With that background, let's see exactly what the railroad did.

Over the course of 12 months, the railroad calculated its total energy consumption: 1,400,000,000 kilowatt-hours, or 1.4 terawatt-hours. Instead of paying the published rate for the 1.4 terawatt-hours, the railroad contracted with a specific supplier for the energy over a 12 month period. The supplier chosen by the railroad is wind-based, but the transaction in the financial markets would have worked exactly the same way if the supplier had been nuclear-based or coal-based.

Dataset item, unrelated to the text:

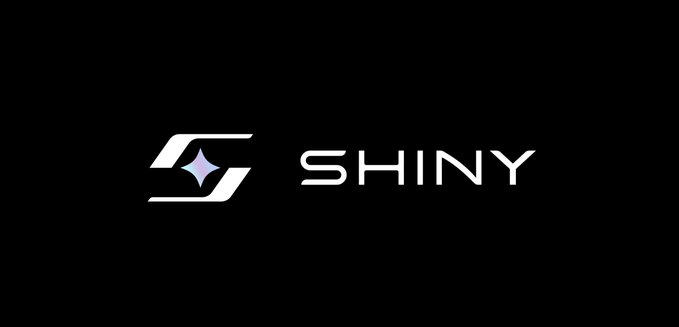 A black background displays the SHINY logo, featuring a stylized silver 'S' with a diamond shape inside next to the word 'SHINY' in white text.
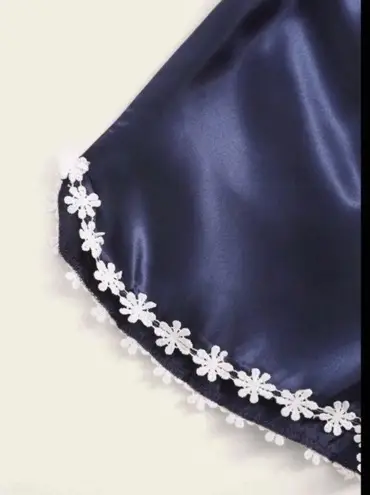 Boutique Navy Blue, Flowered Trim, Pajama Set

The provider of wind-generated electricity would have sold its electricity one way or the other, either through similar deals or at the published rate. In other words, the railroad's purchase did not increase the total amount of electricity being generated from wind. Rather, that happened when the wind turbines came online in the first place…the occasion that should have generated a lot of excitement among the public.

Are the trains actually being powered by wind? Remember, all the electrons are fungible. Furthermore, the flow of power into the railroad's catenary varies second-by-second as trains accelerate and decelerate. So does the flow of power out of the wind turbines, for the simple reason that the prevailing winds change speed and direction constantly if slightly. Because the instantaneous supply of wind-generated electricity cannot be correlated exactly and continuously with the instantaneous usage by the railroad, it's inevitable that some of the electricity used by the railroad will come from non-wind sources at least some of the time. (Only 13% of electricity in the Netherlands comes from wind.) Likewise, at night when there aren't many trains running, the wind turbines are still producing power. Those electrons are going someplace, but not to the railroad.

It's imprecise to say, therefore, that the railroad is being run by wind-generated electricity. But it's good PR for the railroad.